NH resident supports museum, reflects on father’s service in WWII

From the first time Sandown, NH resident Dan Marrone visited the Wright Museum, he was “hooked.”

“This place is a treasure,” he said. 

Marrone was so moved, in fact, he made a $15,000 investment, which enabled the museum to complete a walkway from its entrance to a Remembrance Garden, framed by flags, shrubbery and memorial bricks. 

One of these bricks will soon honor Marrone’s father with the inscription, “Dedicated to PFC Daniel Marrone, 3rd Army, WWII, and to all those who comprise ‘the Greatest Generation.’” Daniel Marrone served in General Patton’s Third Army March.

“My dad said only two things really brought fear into his bones — the German 88mm gun and the V-1/V-2 rockets,” explained Marrone, whose father shared several related stories about each.

“Being part of Patton’s 3rd Army, there was a skirmish or two with the German equivalent of Patton, General Irwin Rommel,” he said. “Rommel would throw a rock at you to get you to pursue him until you came to a rise in a hill or a bend in the road, and then they would be waiting for you.”

Regarding the German V-1 and V-2, they pummeled England, especially London, almost until the war’s end. 

Marrone recounted, “I remember my dad saying, ‘You would always hear it before you saw it.
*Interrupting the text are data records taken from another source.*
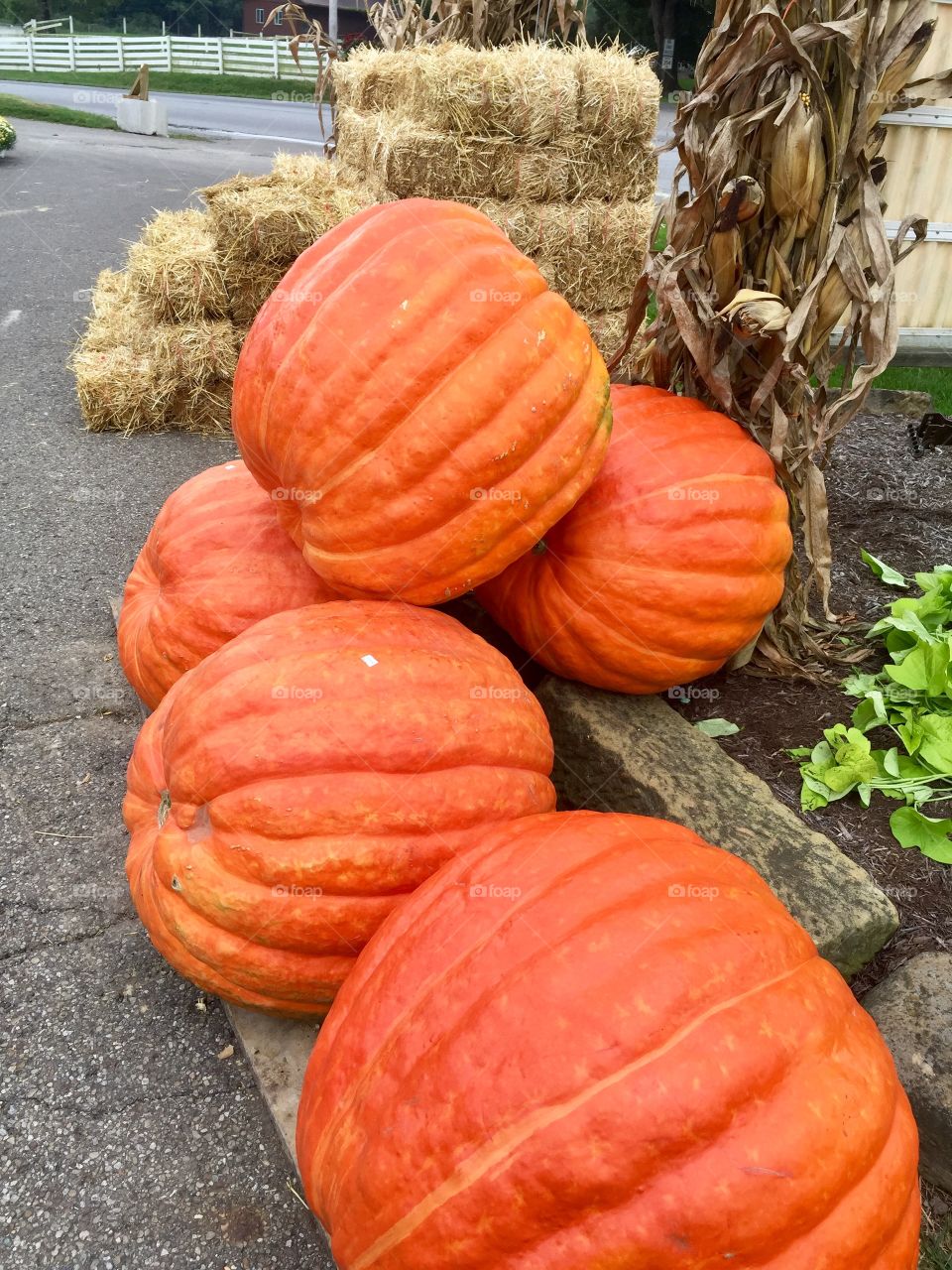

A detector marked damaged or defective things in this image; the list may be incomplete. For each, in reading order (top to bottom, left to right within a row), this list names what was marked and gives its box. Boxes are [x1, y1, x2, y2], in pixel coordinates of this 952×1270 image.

cracked asphalt [0, 123, 334, 1270]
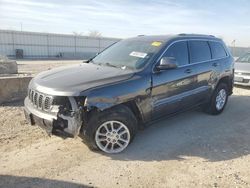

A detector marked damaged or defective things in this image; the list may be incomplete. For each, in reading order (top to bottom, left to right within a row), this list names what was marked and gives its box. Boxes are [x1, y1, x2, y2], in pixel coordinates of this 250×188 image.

damaged front end [23, 90, 83, 137]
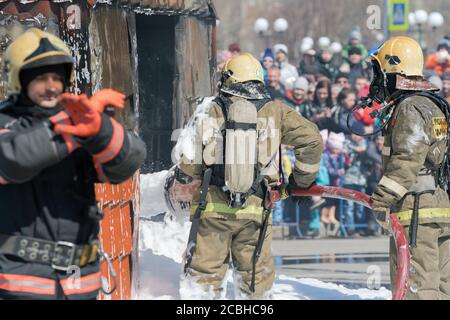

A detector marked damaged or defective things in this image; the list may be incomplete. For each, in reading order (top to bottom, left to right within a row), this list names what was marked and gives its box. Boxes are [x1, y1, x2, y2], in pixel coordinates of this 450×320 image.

burned wooden structure [0, 0, 218, 300]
Then it went by overhead. Then you said a prayer that you would continue to hear it once out of sight. When the noise stopped, that was when it began dive-bombing to its target. It could be miles away from you, but if it exploded, no foxhole was deep enough.’”

He said his father was always proud of the fact that his unit spent “343 consecutive days of mud, snow and blood in the field without relief but got the job done.”
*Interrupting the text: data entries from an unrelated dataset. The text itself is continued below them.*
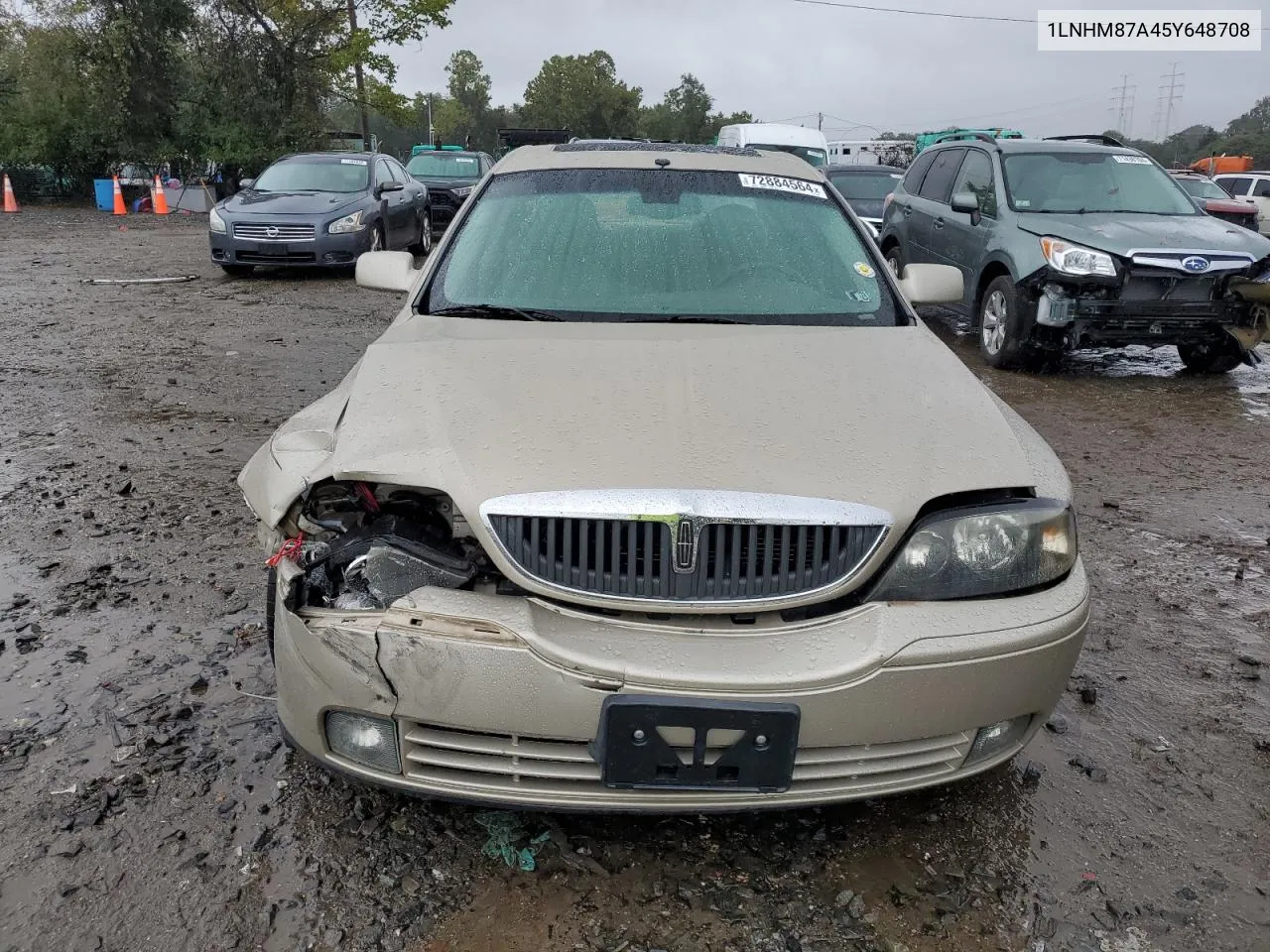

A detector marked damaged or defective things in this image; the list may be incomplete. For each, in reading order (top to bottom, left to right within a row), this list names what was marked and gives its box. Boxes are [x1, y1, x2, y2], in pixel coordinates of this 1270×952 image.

damaged gray suv [239, 141, 1091, 812]
damaged gold sedan [239, 143, 1091, 812]
broken bumper piece [273, 563, 1086, 817]
front end damage [1021, 255, 1270, 360]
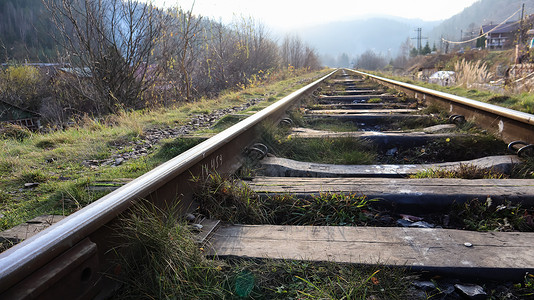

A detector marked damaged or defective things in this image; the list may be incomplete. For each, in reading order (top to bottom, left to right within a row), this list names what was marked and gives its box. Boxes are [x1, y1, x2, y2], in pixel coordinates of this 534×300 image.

rusty rail [0, 69, 338, 298]
rusty rail [350, 70, 534, 145]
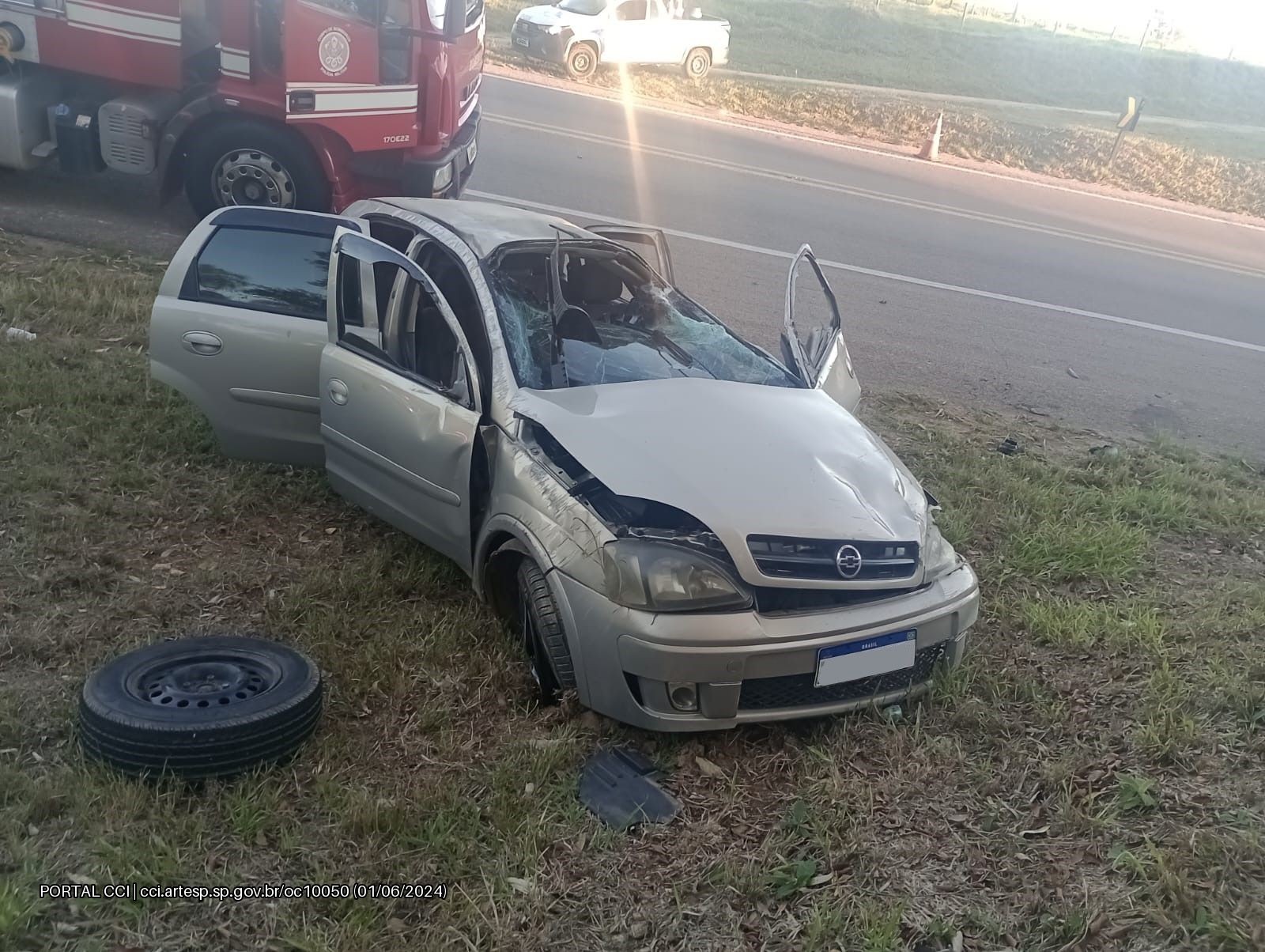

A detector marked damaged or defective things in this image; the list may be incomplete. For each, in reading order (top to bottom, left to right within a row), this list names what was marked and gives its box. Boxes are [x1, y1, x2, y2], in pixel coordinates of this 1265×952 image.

crushed car roof [372, 197, 595, 258]
shattered windshield [483, 241, 799, 390]
damaged silver sedan [148, 197, 976, 723]
damaged car pillar [148, 201, 976, 734]
dented car hood [508, 374, 936, 584]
“He was part of a crew that fired the Army’s largest cannon — the 155mm ‘Long Tom,’” he added.

This cannon, explained Marrone, had an 18-mile range and had 90 pound shells. Having worked on the old New Haven Railroad before the war, he said his father was ready to handle loading of the shells by himself.

“For the rest of the crew, it was a two-man job,” he laughed.
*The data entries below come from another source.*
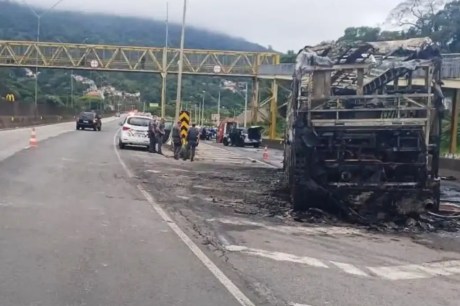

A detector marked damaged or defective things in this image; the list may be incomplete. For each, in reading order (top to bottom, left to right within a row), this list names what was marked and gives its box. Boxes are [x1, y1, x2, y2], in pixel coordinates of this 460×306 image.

burnt metal debris [284, 37, 446, 219]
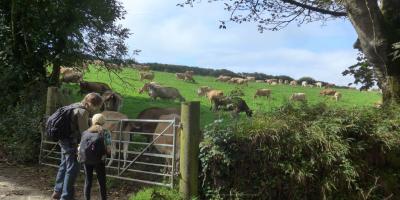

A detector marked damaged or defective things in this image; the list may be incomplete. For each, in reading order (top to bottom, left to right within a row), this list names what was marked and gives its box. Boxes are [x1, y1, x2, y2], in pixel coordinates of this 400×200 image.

rusty metal gate [40, 117, 178, 188]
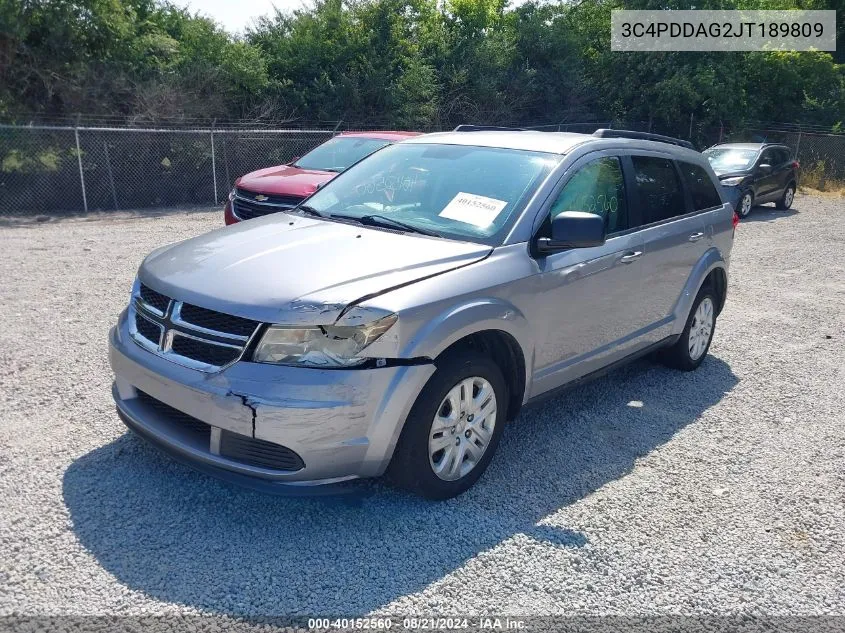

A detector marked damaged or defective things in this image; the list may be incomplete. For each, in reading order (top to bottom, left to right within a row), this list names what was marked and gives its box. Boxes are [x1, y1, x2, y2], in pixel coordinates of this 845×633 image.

damaged front bumper [108, 312, 432, 488]
cracked headlight [252, 314, 398, 368]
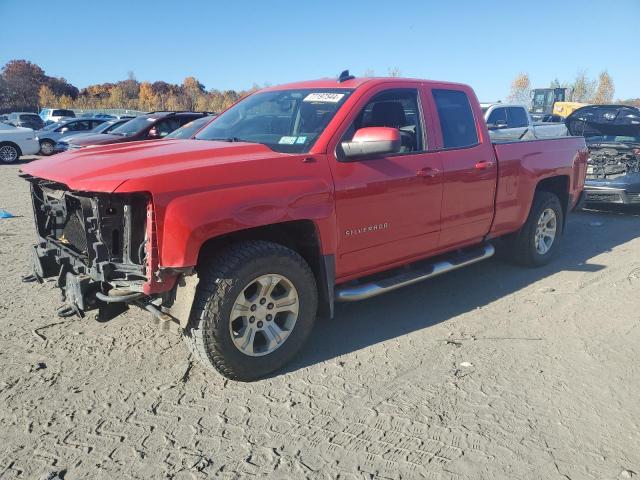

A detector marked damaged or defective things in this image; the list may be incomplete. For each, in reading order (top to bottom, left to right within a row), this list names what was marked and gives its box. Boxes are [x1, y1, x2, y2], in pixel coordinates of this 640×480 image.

crumpled hood [564, 103, 640, 137]
crumpled hood [20, 138, 284, 192]
damaged front end [22, 176, 182, 326]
Ironically, Marrone said one of his father’s worst moments came after the war on the trip home from Europe across the Atlantic on the Queen Mary.

“A massive storm hit the ship, but its tank-like construction saved all on-board,” he said. “My dad always remembered thinking while riding out the storm, ‘I got through WWII only to die in peacetime?’”

Expressing enthusiasm for the time when the museum can hold a ceremony to commemorate the completion of the Remembrance Garden, Marrone said he will simply “do the next best thing” in the meantime.

“I’ll visit and go see my favorite item, the museum’s Pershing tank, which was the only tank the German army feared during the war,” he laughed. 

The region’s leading resource for educators and learners of all ages on World War II, The Wright features more than 14,000 items in its collection that are representative of both the home front and battle field.